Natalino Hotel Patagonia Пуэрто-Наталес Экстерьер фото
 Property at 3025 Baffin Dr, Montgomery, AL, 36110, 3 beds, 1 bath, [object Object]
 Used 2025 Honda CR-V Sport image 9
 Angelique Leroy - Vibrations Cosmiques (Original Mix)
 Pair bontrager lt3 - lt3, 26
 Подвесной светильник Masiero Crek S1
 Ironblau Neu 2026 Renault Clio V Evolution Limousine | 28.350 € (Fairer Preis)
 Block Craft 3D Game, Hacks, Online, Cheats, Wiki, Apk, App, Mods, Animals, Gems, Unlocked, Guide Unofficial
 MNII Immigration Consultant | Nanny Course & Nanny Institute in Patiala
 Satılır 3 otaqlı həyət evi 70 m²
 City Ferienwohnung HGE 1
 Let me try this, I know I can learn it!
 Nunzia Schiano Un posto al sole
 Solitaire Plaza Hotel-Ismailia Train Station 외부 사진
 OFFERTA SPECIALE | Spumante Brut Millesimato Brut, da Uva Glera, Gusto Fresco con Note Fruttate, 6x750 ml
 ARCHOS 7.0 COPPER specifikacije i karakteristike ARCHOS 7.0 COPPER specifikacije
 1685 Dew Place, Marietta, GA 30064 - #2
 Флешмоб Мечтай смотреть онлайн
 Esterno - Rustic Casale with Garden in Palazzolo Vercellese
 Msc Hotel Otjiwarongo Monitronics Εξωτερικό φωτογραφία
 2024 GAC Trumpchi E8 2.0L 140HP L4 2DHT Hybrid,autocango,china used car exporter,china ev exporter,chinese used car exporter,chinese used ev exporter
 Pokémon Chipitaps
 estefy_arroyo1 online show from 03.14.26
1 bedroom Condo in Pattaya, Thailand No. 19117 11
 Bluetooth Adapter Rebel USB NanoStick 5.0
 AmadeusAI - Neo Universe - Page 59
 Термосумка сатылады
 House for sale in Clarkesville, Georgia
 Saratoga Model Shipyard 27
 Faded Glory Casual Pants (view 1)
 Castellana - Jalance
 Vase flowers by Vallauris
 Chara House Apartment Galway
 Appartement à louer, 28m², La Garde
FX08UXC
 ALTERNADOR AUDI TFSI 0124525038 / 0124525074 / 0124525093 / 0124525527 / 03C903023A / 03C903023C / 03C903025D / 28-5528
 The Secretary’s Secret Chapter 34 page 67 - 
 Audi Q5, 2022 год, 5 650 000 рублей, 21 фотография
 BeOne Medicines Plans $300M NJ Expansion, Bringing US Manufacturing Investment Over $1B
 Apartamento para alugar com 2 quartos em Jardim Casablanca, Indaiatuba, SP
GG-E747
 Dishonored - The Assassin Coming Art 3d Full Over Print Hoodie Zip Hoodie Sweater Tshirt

Instructions to follow:
The expected answer is every line in the data above that carries the string "Hotel".

Solution:
Natalino Hotel Patagonia Пуэрто-Наталес Экстерьер фото
 Solitaire Plaza Hotel-Ismailia Train Station 외부 사진
 Msc Hotel Otjiwarongo Monitronics Εξωτερικό φωτογραφία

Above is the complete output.